Un jeu compilé en Release, lancé par un joueur, n'a pas de console attachée ni de débogueur : impossible d'y poser un point d'arrêt ou d'inspecter une variable en direct. Si un comportement anormal survient — un niveau ne se charge pas, une ressource graphique échoue à se créer — la seule trace disponible après coup est ce que le programme a explicitement enregistré pendant son exécution.
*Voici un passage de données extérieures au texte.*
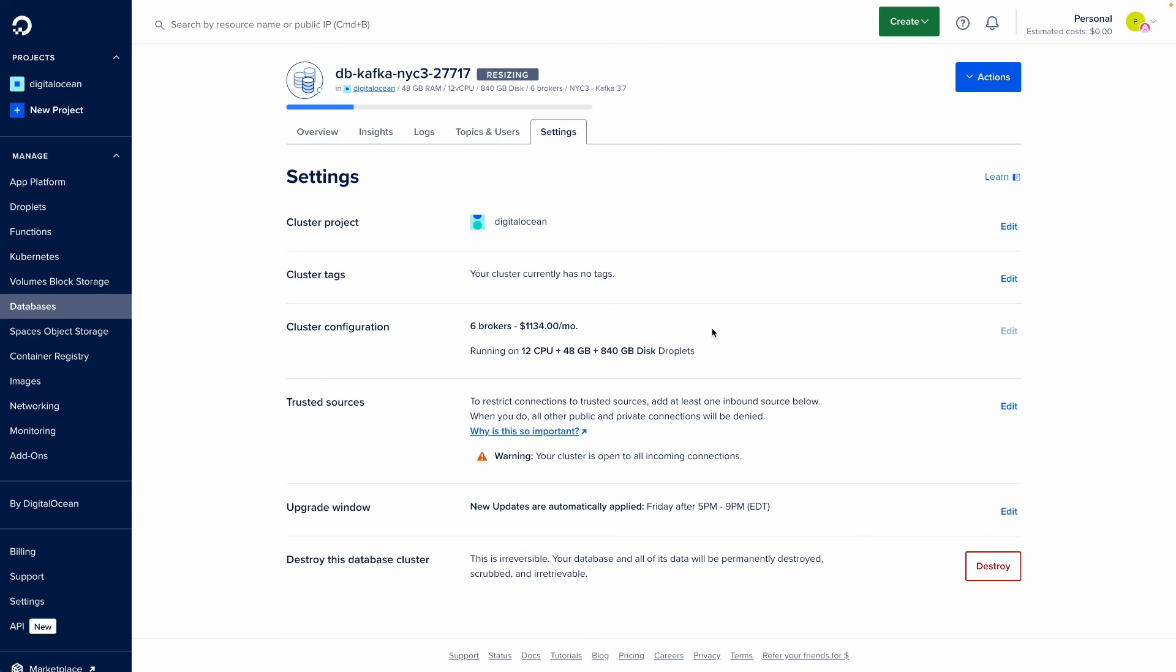So I hope you've seen how easy it is to add brokers to your Kafka cluster or add storage to your Kafka cluster. And of course, to be able to resize your cluster as needed based on the traffic and your application requirements. Thank you so much and happy coding.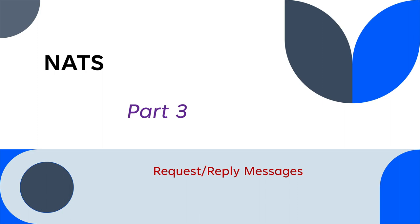Hi, welcome back to Go on the Run. Today we're going to look at request/reply messages in NATS.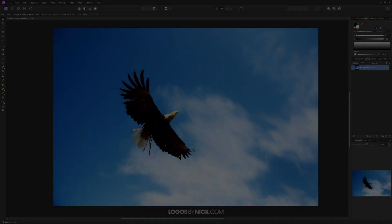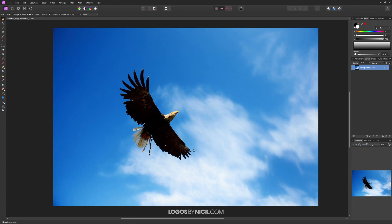This is Nick with Logos by Nick.com, and in this tutorial I'll be demonstrating how you can remove an object from a photo using Affinity Photo. The example image I'll be using is this picture of an eagle flying in the sky. I will be removing this eagle from the image, and all we will be left with is a blue sky with some clouds.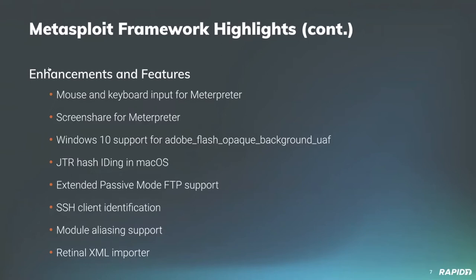Community contributor added Windows 10 target support to the Adobe Flash opaque background use after free exploit module, which is CVE 2015-5122 for those playing along at home. Contributor Hoodie provided a fix for John the Ripper hash IDing under macOS. Community contributor Big Indian Smalls added support for extended passive mode, also known as ESPV, to the framework FTP client, which should work better with targets in added environments.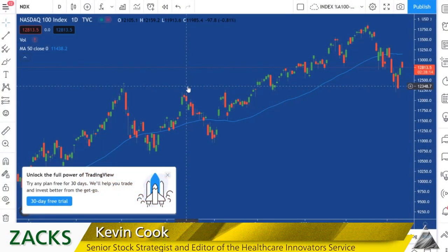Hey, Kevin Cook here, back with another edition of Cook's Kitchen, and we're going to talk about how to buy the dips, because there is an art and possibly a science to buying the dips.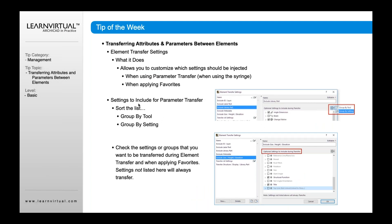As mentioned, you can not only transfer the settings but also control how you view the information. If you're setting up your own transfer settings options, you can view the attributes either by tool or by setting, and it will change what you see in that list. It will also show optional settings to include, meaning it can exclude size and height and keep everything else, or vice versa.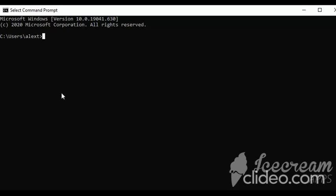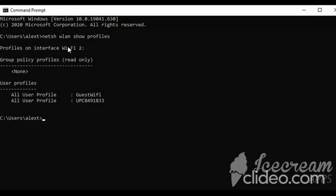You can do this by typing in the search bar of Windows 'CMD'. Then type: netsh wlan show profiles. This will show all the Wi-Fi networks that can be connected, even the hidden ones.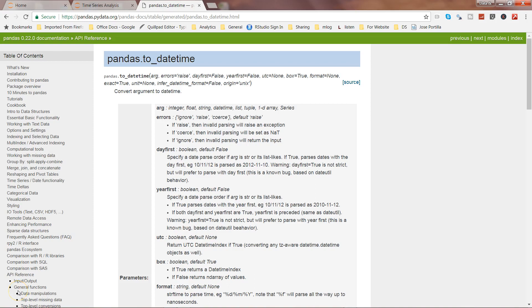Hi there! In this video I will talk about the pandas function which is to_datetime. What it does is basically convert whatever argument you give it into a datetime.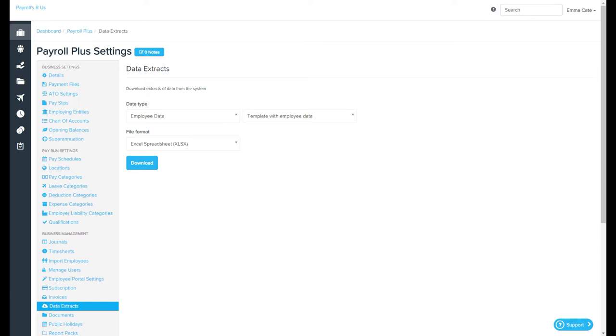To download data extracts from within your payroll file, you first need to select the data type by clicking on this drop-down box here.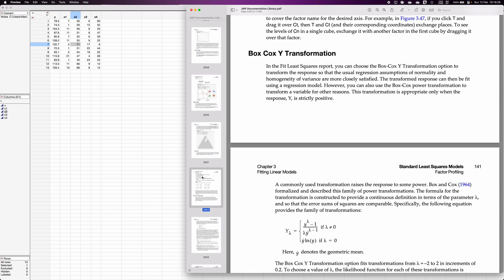Hi, in this video I am going to demonstrate how to use Box-Cox transformation to transform the y variable. Sometimes when we are fitting a multiple linear regression model or a simple linear regression model, we may find out that regression assumptions such as normality and homogeneity of variance are not satisfied.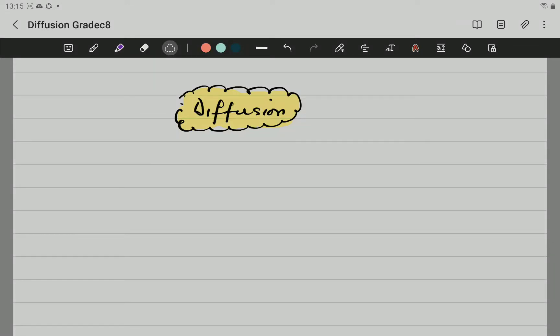Hello, Grade 8, here Mr. Gomez, Mr. G, and in this video we are going to be talking about diffusion.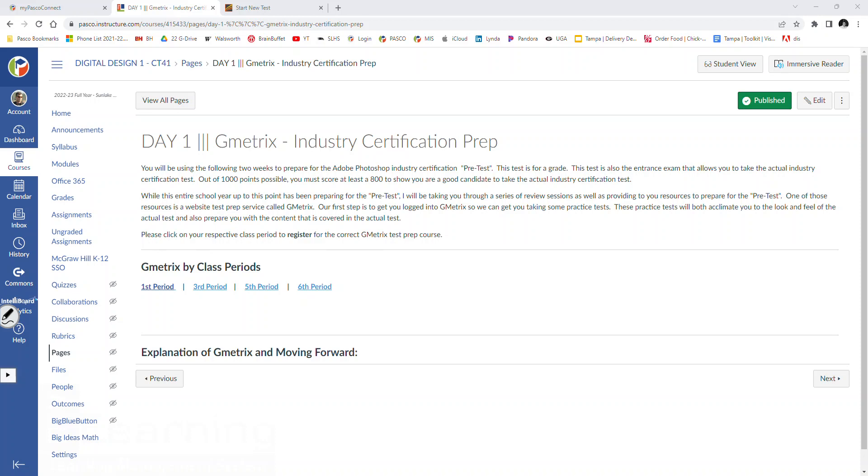Alright, so today we're going to start you guys off with getting registered with Gmetrics. Gmetrics is a piece of software that will assist you in preparing for the actual industry certification exam. In order to take the actual industry certification exam, you have to pass the pre-test at 80% or better.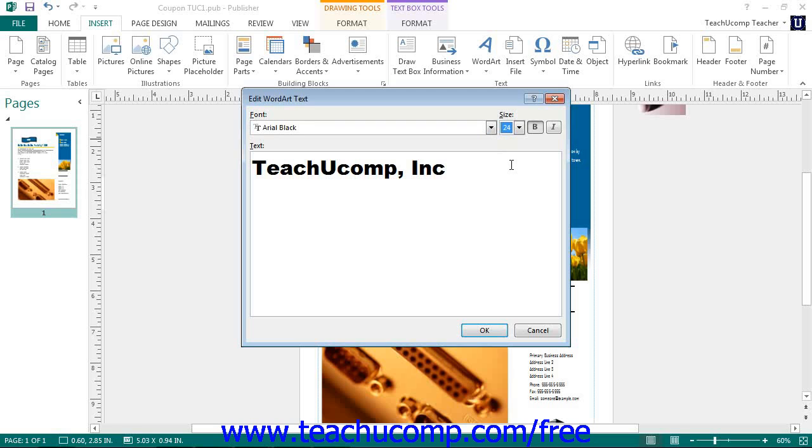After typing the text for the word art to display, click the OK button to automatically insert the word art into the publication page.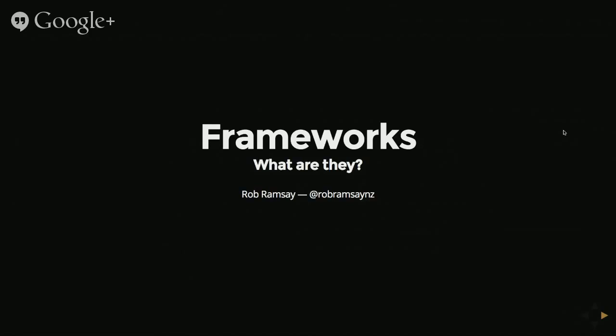Cool. Hello. I'm Rob. I work for Rabbit Tech. And today I'm going to talk about frameworks.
La journalisation consiste précisément à écrire, au fil de l'exécution, des messages textuels horodatés décrivant les événements significatifs (démarrage, chargement d'un niveau, erreur récupérable…), pour reconstituer après coup ce qui s'est passé sans avoir dû le prévoir en amont dans un débogueur.
C'est un outil différent d'une assertion (voir la dernière section) : le journal enregistre des faits pour un usage ultérieur et humain (diagnostic après coup), sans jamais interrompre le programme ; une assertion vérifie un invariant immédiatement et signale un bug s'il est violé.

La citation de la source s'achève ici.